That’s all for now, but we will try our best to update this log at least weekly if not more often. We’d appreciate any and all feedback, and we would be more than happy to answer your questions. As always, have a good day everyone, and good luck this season!
Today was the first Saturday / 10 hour day of our build season, so it was a long one but we got quite a bit of brainstorming and design review stuff done today so it was pretty worth it.
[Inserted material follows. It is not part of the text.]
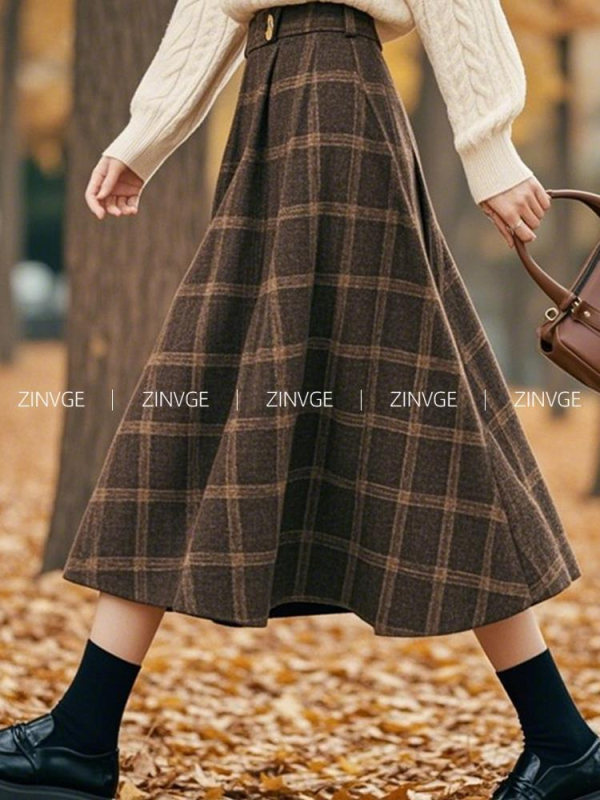 Smeđa karirana A-linija midi suknja za žene, korejski retro stil, jesen 2025, A7536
Since on Friday we mounted the motors and were able to see that we can now shoot effectively across the entire field, we figured we’d test how consistent a shooter like this would be. Over several trials from shooting relatively close up to the speaker (not directly next to it but still really close), we were able to consistently ish score into the speaker without much trouble. We had several trials, and the most consistent trial we had we got 9/10 into the speaker. The rest of the time we were mainly tuning what is the best speed for the top and bottom wheel so that the note gets shot out flying straight and not flipping through the air.
Another thing to note about shooter is that one of the things we noticed in our testing was that the angle which the note was being fed at relatively heavily affected how it performs in the air, so we need to find the optimal ramp angle relative to the angle of the wheels. We came up with a quick ramp just to feed it in consistently but we will have to see later on what angle works best.
For Monday we need to find that perfect angle for shooter, however we will also be cncing prototypes to make a shooter with adjustable angles. In order to save on moving parts on our robot however, we will also test to see if changing the speeds for the top and bottom wheel will change the angle it shoots at to see if having such a mechanism is even necessary for this year.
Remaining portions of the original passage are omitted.